* Task to complete *
After locating the line that contains "Toy New Doll" in the following entries, reproduce it and each later line exactly, including the last.
──────
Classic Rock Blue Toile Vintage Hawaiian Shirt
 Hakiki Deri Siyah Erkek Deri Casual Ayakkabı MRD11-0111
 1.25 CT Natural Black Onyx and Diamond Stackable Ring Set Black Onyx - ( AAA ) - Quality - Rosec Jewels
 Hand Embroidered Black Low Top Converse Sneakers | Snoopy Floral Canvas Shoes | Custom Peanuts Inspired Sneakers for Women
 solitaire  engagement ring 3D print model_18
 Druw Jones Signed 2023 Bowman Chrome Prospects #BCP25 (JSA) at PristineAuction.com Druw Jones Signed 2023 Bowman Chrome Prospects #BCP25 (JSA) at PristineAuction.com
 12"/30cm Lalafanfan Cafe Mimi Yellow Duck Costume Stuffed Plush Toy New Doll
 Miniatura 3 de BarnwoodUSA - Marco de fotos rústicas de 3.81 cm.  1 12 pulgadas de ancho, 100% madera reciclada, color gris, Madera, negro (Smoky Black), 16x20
──────
* Task output *
 12"/30cm Lalafanfan Cafe Mimi Yellow Duck Costume Stuffed Plush Toy New Doll
 Miniatura 3 de BarnwoodUSA - Marco de fotos rústicas de 3.81 cm.  1 12 pulgadas de ancho, 100% madera reciclada, color gris, Madera, negro (Smoky Black), 16x20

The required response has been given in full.